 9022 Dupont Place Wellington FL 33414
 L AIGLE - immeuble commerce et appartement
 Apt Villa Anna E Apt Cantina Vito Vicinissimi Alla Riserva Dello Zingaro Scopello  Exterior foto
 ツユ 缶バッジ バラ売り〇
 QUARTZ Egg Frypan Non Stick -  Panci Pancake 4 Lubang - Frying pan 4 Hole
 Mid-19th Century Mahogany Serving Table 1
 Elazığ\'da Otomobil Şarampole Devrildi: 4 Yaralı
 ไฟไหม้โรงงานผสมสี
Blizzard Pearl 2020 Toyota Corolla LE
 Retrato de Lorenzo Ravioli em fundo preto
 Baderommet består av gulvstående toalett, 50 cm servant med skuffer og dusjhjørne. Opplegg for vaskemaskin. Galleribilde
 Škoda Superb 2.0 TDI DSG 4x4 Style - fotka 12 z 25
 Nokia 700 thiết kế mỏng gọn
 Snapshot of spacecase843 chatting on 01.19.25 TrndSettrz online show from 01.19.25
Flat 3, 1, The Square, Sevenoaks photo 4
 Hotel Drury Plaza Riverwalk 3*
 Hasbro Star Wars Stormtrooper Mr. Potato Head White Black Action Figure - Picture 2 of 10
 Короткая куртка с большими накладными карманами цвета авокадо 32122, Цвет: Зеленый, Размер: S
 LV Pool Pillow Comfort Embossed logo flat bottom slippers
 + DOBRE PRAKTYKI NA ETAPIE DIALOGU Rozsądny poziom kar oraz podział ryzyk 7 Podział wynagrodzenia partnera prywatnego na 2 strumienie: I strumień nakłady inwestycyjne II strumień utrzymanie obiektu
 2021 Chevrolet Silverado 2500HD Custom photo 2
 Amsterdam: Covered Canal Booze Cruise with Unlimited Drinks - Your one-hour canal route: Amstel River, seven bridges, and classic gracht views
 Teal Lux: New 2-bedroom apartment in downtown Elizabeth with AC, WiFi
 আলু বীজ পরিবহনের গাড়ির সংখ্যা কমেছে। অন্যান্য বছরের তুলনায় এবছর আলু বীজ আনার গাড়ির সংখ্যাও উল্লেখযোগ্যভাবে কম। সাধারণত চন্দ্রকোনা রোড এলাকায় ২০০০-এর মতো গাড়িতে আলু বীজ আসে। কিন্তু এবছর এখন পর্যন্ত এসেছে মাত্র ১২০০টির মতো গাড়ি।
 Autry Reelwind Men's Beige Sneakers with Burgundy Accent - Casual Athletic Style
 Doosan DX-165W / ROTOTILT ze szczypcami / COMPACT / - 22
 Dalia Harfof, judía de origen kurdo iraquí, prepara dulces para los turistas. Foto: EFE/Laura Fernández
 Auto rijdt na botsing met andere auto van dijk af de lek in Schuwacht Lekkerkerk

=-=-=

§ **Problem statement**: Show every line from the listing that contains "with".

§ **Expected answer**:
 Amsterdam: Covered Canal Booze Cruise with Unlimited Drinks - Your one-hour canal route: Amstel River, seven bridges, and classic gracht views
 Teal Lux: New 2-bedroom apartment in downtown Elizabeth with AC, WiFi
 Autry Reelwind Men's Beige Sneakers with Burgundy Accent - Casual Athletic Style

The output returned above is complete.